Why was Novelist's recent album listed as "explicit"?

A brief defence of swearing in music

In 1633, English poet John Donne wrote a poem in which he described being “sucked on country pleasures, childishly” and then another in which he described a “compass” which “grows erect, as that comes home”. No one stuck an “explicit” label on his outrageously dirty poetry – and now he’s taught to GCSE English students across the land.

Last week, Grime MC and producer Novelist didn’t get the same benefit of the doubt. Amazon Music marked his new album, Novelist Guy, explicit – despite the fact it doesn’t contain a single swear word. 
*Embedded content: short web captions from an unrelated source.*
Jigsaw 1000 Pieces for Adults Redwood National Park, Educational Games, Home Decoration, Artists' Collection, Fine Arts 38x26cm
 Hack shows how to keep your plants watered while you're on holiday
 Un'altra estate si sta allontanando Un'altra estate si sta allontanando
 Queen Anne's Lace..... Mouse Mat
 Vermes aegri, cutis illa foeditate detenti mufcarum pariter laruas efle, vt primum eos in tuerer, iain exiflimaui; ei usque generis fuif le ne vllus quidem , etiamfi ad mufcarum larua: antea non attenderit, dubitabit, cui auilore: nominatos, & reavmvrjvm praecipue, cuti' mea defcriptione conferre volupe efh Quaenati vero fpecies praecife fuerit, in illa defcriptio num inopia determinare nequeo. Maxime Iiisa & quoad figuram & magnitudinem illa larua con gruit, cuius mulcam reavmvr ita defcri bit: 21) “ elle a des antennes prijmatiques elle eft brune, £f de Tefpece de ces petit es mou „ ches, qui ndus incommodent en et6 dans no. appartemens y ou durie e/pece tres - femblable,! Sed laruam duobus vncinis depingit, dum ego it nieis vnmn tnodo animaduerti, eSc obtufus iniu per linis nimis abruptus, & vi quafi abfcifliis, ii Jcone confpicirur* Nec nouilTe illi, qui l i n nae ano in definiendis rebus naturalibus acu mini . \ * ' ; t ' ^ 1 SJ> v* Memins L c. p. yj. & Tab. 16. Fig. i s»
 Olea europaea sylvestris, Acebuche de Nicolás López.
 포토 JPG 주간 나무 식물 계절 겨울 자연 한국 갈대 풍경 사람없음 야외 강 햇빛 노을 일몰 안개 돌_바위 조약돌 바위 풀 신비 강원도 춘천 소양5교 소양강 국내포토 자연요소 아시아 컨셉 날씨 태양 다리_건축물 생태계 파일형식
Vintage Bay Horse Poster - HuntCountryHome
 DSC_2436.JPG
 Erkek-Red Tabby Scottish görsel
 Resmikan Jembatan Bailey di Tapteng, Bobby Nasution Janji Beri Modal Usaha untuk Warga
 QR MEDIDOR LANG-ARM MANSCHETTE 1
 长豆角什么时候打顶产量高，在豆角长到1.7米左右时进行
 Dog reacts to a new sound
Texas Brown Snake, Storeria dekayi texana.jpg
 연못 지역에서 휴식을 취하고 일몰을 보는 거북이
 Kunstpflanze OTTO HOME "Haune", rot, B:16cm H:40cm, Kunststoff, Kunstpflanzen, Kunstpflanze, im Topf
Novelist – 21-year-old Kojo Kankam – is right be startled by this, as he expressed in a recent tweet. This categorisation is particularly insulting because much of the album is bright and optimistic, notable in a genre that’s often misconstrued as aggressive. “I only wanna do the honesty ting,” Kankam sings on ‘Start’. 

Last month, Spotify revealed that they are testing filters to block swearing in songs, which is worrying. Sure, censoring music has its benefits (stopping children from hearing bad words, limiting hate speech…) but equally, swearing as a vessel to transmit a coherent message can be powerful. 

During a performance at the Brits in February, Stormzy delivered a blistering freestyle rap, asking “Yo Theresa May, where’s the money for Grenfell?” The determined precision of his language benefits from sharp expletives: “They tell us that we’re fucks / I try and bust the myth / But someone tell the Daily Mail that they can suck my dick.” 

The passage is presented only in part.